Start of Input data

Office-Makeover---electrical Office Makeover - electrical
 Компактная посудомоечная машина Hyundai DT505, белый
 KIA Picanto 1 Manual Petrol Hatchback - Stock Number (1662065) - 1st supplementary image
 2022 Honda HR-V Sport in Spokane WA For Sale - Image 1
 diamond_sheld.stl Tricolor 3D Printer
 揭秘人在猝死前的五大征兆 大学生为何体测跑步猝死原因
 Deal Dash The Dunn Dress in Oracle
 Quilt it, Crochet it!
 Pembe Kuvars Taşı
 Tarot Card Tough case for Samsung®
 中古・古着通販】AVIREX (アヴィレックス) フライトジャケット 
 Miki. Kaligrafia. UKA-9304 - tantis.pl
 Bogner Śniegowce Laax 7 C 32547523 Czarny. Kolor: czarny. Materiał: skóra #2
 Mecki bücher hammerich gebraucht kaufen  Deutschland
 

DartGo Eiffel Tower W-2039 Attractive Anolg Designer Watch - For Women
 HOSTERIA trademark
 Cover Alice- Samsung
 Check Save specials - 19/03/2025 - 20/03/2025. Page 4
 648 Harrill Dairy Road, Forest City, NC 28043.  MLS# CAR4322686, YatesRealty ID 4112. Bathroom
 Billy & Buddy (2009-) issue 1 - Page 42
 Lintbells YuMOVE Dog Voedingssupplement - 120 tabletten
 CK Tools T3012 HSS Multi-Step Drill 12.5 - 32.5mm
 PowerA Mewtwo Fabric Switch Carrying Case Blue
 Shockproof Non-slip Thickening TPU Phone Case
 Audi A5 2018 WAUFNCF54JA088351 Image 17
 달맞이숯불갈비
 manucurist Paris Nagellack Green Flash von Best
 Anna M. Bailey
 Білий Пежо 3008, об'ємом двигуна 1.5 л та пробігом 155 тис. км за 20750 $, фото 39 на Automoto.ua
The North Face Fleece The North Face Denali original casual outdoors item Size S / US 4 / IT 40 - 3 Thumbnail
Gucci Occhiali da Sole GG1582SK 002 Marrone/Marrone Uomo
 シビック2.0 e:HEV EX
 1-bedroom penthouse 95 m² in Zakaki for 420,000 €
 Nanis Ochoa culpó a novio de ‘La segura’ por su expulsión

End of Input data

Instructions to follow: Would you print, exactly as written, every line above from the one holding "Pembe Kuvars Taşı" through the one holding "Cover Alice- Samsung", with both included and no other lines?

Exercise solution:
 Pembe Kuvars Taşı
 Tarot Card Tough case for Samsung®
 中古・古着通販】AVIREX (アヴィレックス) フライトジャケット 
 Miki. Kaligrafia. UKA-9304 - tantis.pl
 Bogner Śniegowce Laax 7 C 32547523 Czarny. Kolor: czarny. Materiał: skóra #2
 Mecki bücher hammerich gebraucht kaufen  Deutschland
 

DartGo Eiffel Tower W-2039 Attractive Anolg Designer Watch - For Women
 HOSTERIA trademark
 Cover Alice- Samsung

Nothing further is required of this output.